Additionally, as ATMs get more sophisticated with regard to the software that many are using these days, ATM hackers have increasingly become a problem. According to a 2018 Washington Post article, hackers have been reported to completely swap out ATM hard drives or attack them remotely.
And then there is ATM “jackpotting”, which allows thieves to exploit an ATM’s physical and software vulnerabilities in order to get the machine to dispense cash. If successful, jackpotting thieves can essentially walk away from an ATM machine having completely depleted it of its cash stores.
Why does this matter to distributors?
If you are an Independent ATM Distributor (IAD), these vulnerabilities should matter to you. A lot. If your machines are constantly being hacked, tampered with, or jackpotted, you will quickly earn a reputation for lax security. That is guaranteed to drive business to one of your competitors who takes the situation more seriously.

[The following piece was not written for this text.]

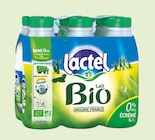 -30 % REMISE IMMÉDIATE SUR LES PACKS DE LAIT BIO LACTEL - LACTEL dans le catalogue Intermarché Super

What can an IAD do to protect their ATMs?
Here are 5 ways that an IAD can protect their ATMs from would-be thieves:
1. Check your machines.
One of the strongest, easiest, and most effective ways of protecting your ATMs is to physically check it. At these inspections you or your employed service repair professional should look for skimmers, small cameras, possible tampering with the machine, and/or pin-capturing devices. These checks should happen on both a routine and random basis. If a thief learns that you routinely check your machines on Wednesdays, they are more likely to hack or tamper your machine on a Thursday so as to get a whole week’s worth of data/cash before being discovered the following Wednesday. If you add random security inspections into your schedule, you will be more likely to throw off would-be thieves – and discover any issues more quickly.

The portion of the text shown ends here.